Uso "distorto" di fondi pubblici e incarichi: indagini chiuse sul distretto Nocera-Gragnano

Oltre all’ex presidente, ci sono anche l'ex segretario e due persone che avrebbero beneficiato di assunzioni e consulenze esterne

Presunto sperpero di fondi pubblici e assunzioni e consulenze concesse senza il rispetto della legge: la Procura di Nocera Inferiore ha chiuso le indagini sul distretto Nocera-Gragnano, iscrivendo nel registro degli indagati 5 persone. Oltre all’ex presidente, ci sono anche l'ex segretario e due persone che avrebbero beneficiato di assunzioni e consulenze esterne. L’accusa di abuso d’ufficio è estesa a tutti, in virtù di tre incarichi assegnati che avrebbero violato i «principi di buon andamento e di imparzialità» che regolano le leggi sui Distretti Industriali. La legge nello specifico è la 317 del 1991. Al primo viene contestata un’assunzione che risale al 2011; al secondo una collaborazione esterna mentre è un’altra assunzione che invece viene contestata al terzo. Il danno di tipo economico per l’Ente sarebbe stato nel primo caso di 6000 euro; nel secondo di 952 euro e per il terzo, di 3000 euro. All’ex direttore, che si era dimesso dopo la perquisizione eseguita dalla polizia giudiziaria, viene contestato anche il reato di peculato. In qualità di pubblico ufficiale, avrebbe avuto disponibilità di fondi pubblici erogati direttamente dalla Provincia di Salerno.

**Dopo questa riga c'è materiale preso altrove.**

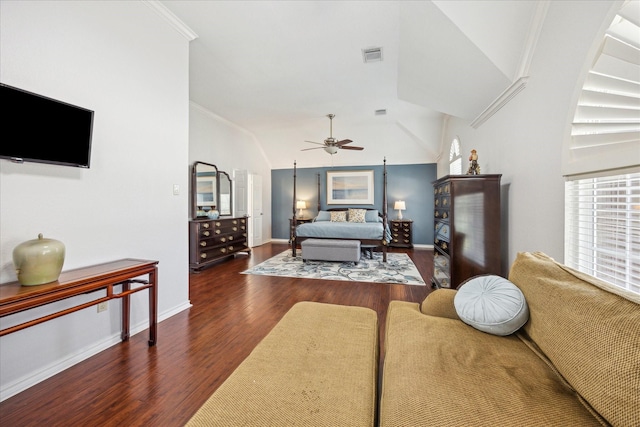 bedroom with visible vents, ornamental molding, wood finished floors, baseboards, and lofted ceiling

Ma per il sostituto procuratore Giuseppe Cacciapuoti quei soldi sarebbero stati utilizzati per scopi personali e finalità estranee a quelle istituzionali. L'ex presidente avrebbe utilizzato il conto corrente intestato all’Ente ed accesso presso la Banca della Campania, filiale di Roccapiemonte, insieme alla carta di credito intestata al medesimo Distretto. Nel faldone della procura sono diversi i bonifici e i pagamenti tracciati durante la fase investigativa. Le perquisizioni presso l’Ente fondato dalla Regione Campania negli anni 90, che ha come obiettivo la valorizzazione del territorio agroindustriale distrettuale, furono eseguite a settembre 2016. Il Distretto abbraccia 20 comuni, di cui 16 salernitani. Gli indagati hanno venti giorni di tempo per presentare memorie difensive.